Monarch: Legacy of Monsters has two things to balance as a show set within this ever-growing monsterverse. There is the Godzilla expectations where the iconic character and other kaiju (or MUTO) have to appear in some form. But in an episodic format, you must tinker with the right frequency. If the show is full of roars and massive destruction, it dilutes the human connections and minimizes their effect. On the other hand, if they rarely show up at all, it might seem a little ridiculous in a world that obviously feels their impact. The premiere episode, “Aftermath,” sets the table within two different timelines.
If you aren’t familiar with 2014’s Godzilla and 2017’s Kong: Skull Island, that’s fine. The premiere does enough to familiarize those who might not be familiar with the films with a base-level amount of breadcrumbs. The first scene is a flashback to the original 1973 Skull Island expedition led by Monarch’s Bill Randa (a returning John Goodman). It may not be initially apparent, but later in the episode, the younger version of Bill is played by Anders Holm. Bill provides a mystery MacGuffin of recordings and documents that drive some of the present-day narrative.
In 2015, San Francisco is still dealing with the ramifications of “G-Day,” or when Godzilla leveled the city. Cate (Anna Sawai) travels to Japan to settle the affairs of her late father, Hiroshi (Takehiro Hira).
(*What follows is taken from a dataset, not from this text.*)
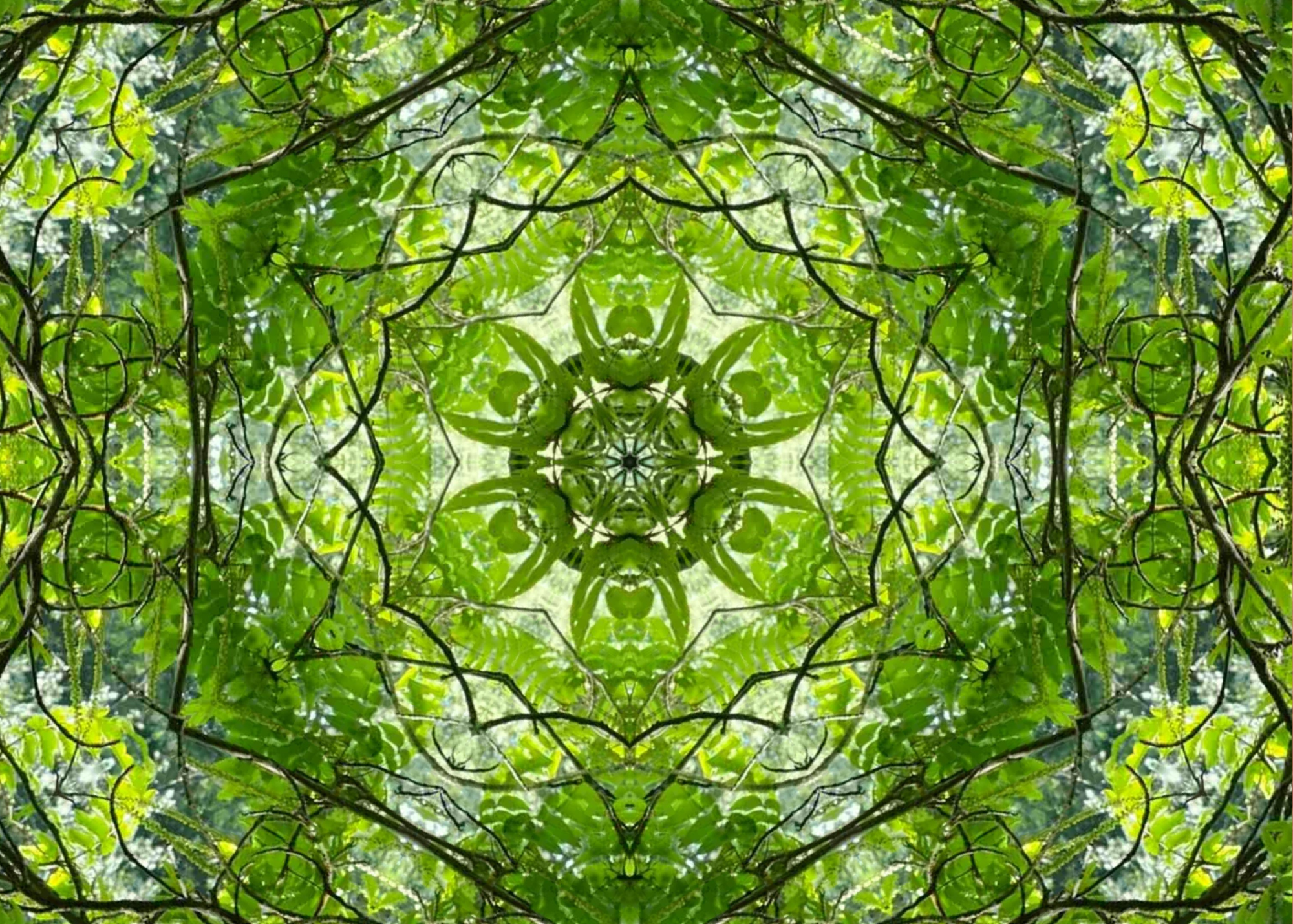 Gather & Ground: Community Acupuncture Series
The country itself has massive amounts of protocols in place to counteract any MUTO troubles. Before you even get off the plane, a hazmat team sprays all the incoming passengers (some MUTO repellant?). Because of this constant threat, a whole industry of Godzilla defense systems has been implemented. We’re talking missiles on bridges and evacuation lanes and estimated places in the subway. I wonder if the series will elaborate on that in future episodes.
Cate is dealing with some severe PTSD as she survived G-Day with an extremely up-close encounter with Godzilla. If that wasn’t enough emotional damage, she goes to an apartment and finds her dad had a whole other family – a wife and her half-brother Kentaro (Ren Watabe). They are initially not quite fond of one another. Imagine if you found out your father had a whole other life and family across the globe and kept it hidden from you. Nevertheless, they need one another to uncover the hidden truths of their father’s past. There is a scene where a Godzilla false alarm happens, and it is nice for Kentaro’s mother to comfort Cate as we go into the flashback to know why she reacts in a certain way.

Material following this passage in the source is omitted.